Options for master control range from the PBS ACE project, where you’ll get a look under the hood and lessons from one of the first installations from Iowa Public Television’s Director of Engineering Bill Hayes, to surround sound for both radio and TV in the master control room, which will be covered by Omnia Audio President and founder Frank Foti.
Will data networks replace crosspoint routers? Pro-Bel’s chief technology officer, Neil Maycock, says it’s not “if” but “when,” and we’re already in the midst of the transition.
No one has built more control rooms than Clear Channel, and Senior Vice President of Technical and Capital Management Steve Davis, CSRE, is the man at the helm. Davis will cover Clear Channel’s well-tuned process and tricks of the trade.
Branding has gone from novelty to a mainstream master control function. Leitch’s Steve Sulte, manager of command and control systems applications, covers advances in GPUs (general-purpose graphics processing units) and how this affects the core design and workflow of TV master control rooms.
Fundamental trends in the digital video broadcast domain drive the business toward a compressed IP environment. Terayon’s Michael Adams, vice president of Video Architecture & Technology, will explain how a transition to this environment will result in simple, open standards and inexpensive, scalable, future-proof solutions for the broadcast industry.
And what of SCTE 35/30 and its implications for multichannel spot insertion? Paul Woidke, vice president of technology for Comcast Spotlight, provides instruction on the nuances of everything from stream splice marking and audio and data insertion and substitution under this standard that is fast finding its way into broadcast facilities.

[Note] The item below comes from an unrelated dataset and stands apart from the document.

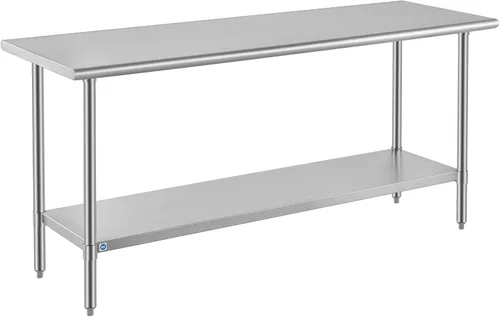 Vista 38 de ROCKPOINT Mesa de acero inoxidable para preparación y trabajo, 14x24 pulgadas; mesa de cocina comercial de metal NSF resistente con estante inferior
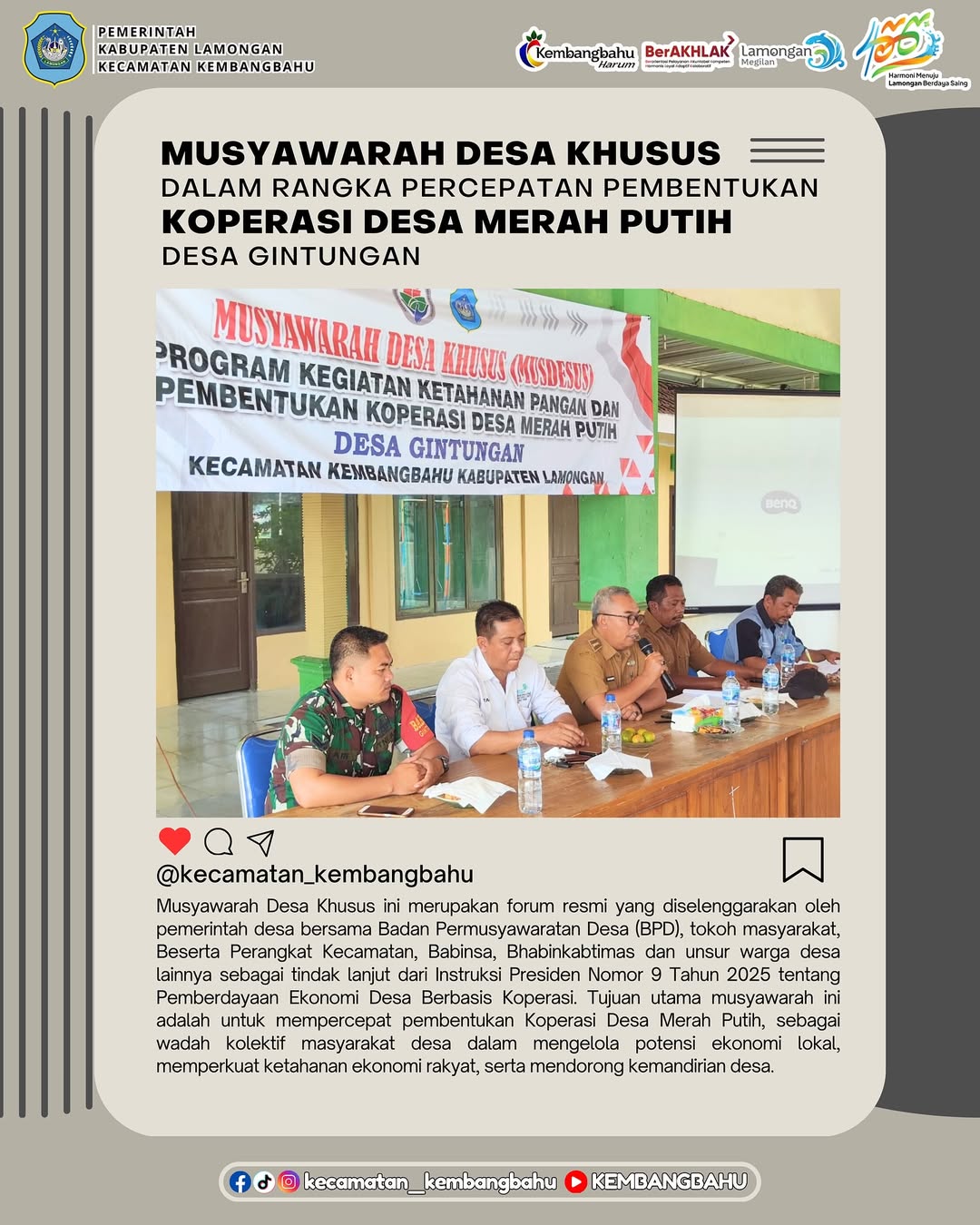 MUSDESSUS PEMBENTUKAN KOPERASI DESA MERAH PUTIH DI DESA GINTUNGAN KECAMATAN KEMBANGBAHU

Systems integrators install most new master control rooms, and the Ennes Trust has invited Luke Freeman, senior staff member for solutions development at SignaSys, Inc., and Bill Van Bloom, director of technology for AF Associates / Ascent Media Systems and Technology Services, to address the “dos and don’ts” of construction and design.
The Ennes Workshop requires a full NAB convention registration. SBE members receive a significant discount by registering at the NAB Partner rate, a $300 discount off the NAB non-member rate.
This Ennes program may well be the single most valuable educational event you or your staff can attend this year. I hope to see you there.